Tuesday, March 12, 2013
Gov't fails in bid to scrap UK’s oldest health and safety law
The government has suffered a setback in its efforts to change a 115-year-old law protecting people at work.
The Coalition wanted to change the Enterprise and Regulatory Reform Bill so that, in the event of an industrial accident, workers would have to prove their boss knew a machine was unsafe before they could claim compensation.
Last week the House of Lords narrowly passed an amendment to the Bill, retaining the ‘strict liability’ clause introduced in 1898 to protect workers.
However, the government, which wants to scrap the clause as it is a “burden on business”, is expected to overturn the Lords’ decision when the Bill returns to the House of Commons.
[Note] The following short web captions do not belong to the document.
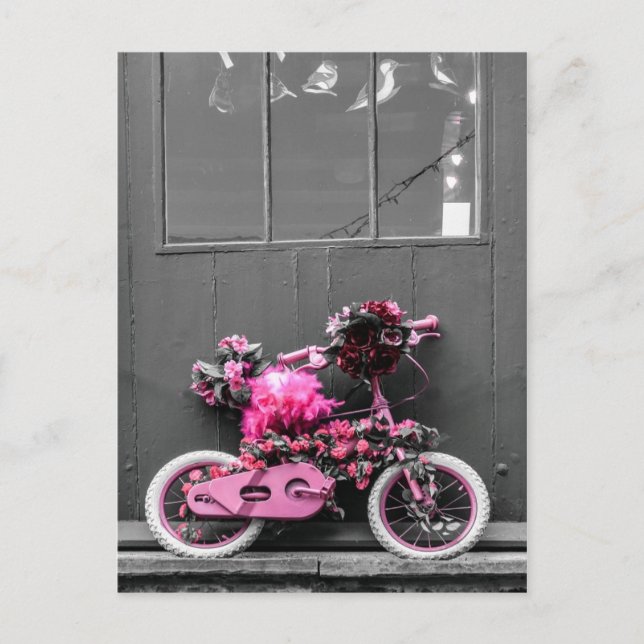 Postal Bicicleta rosa con flores y plumas rosas (Anverso)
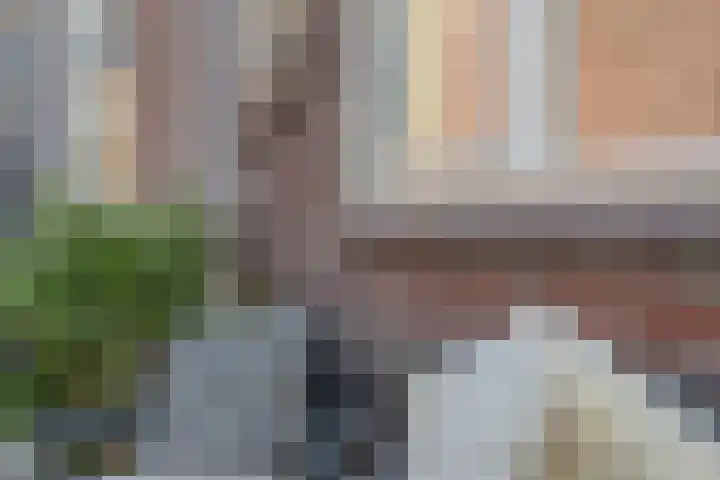 Laan van Ouderzorg 159 Leiderdorp thumbnail 17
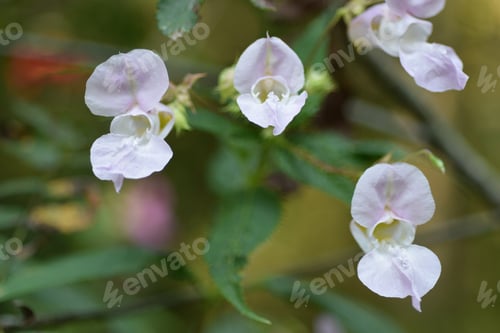 Preview: Closeup shot of a Phalaenopsis Sanderiana under the sunlight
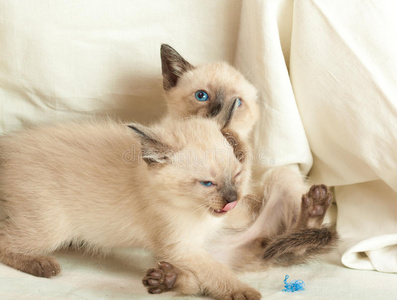 短发个性连体猫照片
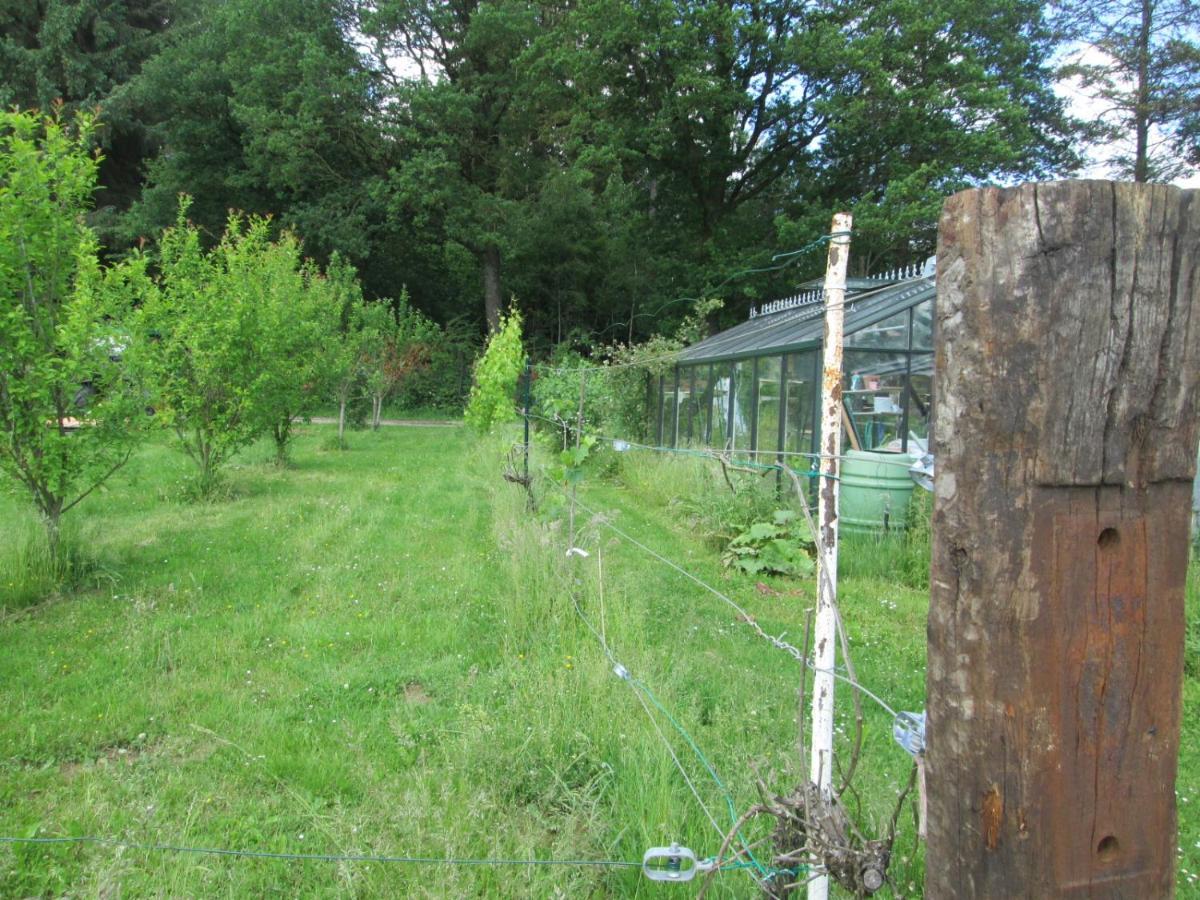 Florennes Gite Neuf 150 M2 Devant Un Grand Lac Prive De 2 Hectares Poissonneux Au Milieu Des Bois Exterior photo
Tom Jones, head of policy and public affairs at Thompsons Solicitors said: “The government’s amendments to health and safety at work regulations turn the clock back over 100 years on safety at work.
“If the original clause is passed then workers injured through no fault of their own will no longer be able to refer to a breach of the health and safety regulations and will have to prove not only that the machine was unsafe but that the employers knew or should have known about it and that it was the employer’s fault.
“The reality today is that most machinery is complex and there can be many reasons why it goes wrong.
“Even Victorian judges recognised that it was very difficult for a worker to prove what the employer knew or should have known and that it was perverse for a worker on his or her own to have to prove more than was required of the State under health and safety regulations.
“This is loading the dice massively against injured people.”
An amendment by Labour reinstates the civil liability by neutering, rather than removing the clause.
All Conservative and Liberal Democrat peers who voted tried to defeat the Labour amendment, but it was passed by a narrow majority of two.
The government’s clause would overturn law in place since 1898 by removing strict liability from the Health and Safety at Work Act.
Strict liability applies in limited circumstances where, for example, there has been a failure to adequately guard a machine, leading to a traumatic amputation.
Without it, injured workers will always have to prove that the employer knew or ought to have known that something was unsafe if they are to get compensation.
The government says strict liability creates a burden on business and ministers claim they are removing it on the basis of a review of health and safety legislation by Professor Ragnar Lofstëdt.
But critics point out that Professor Lofstedt has said the government’s actions go further than he recommended.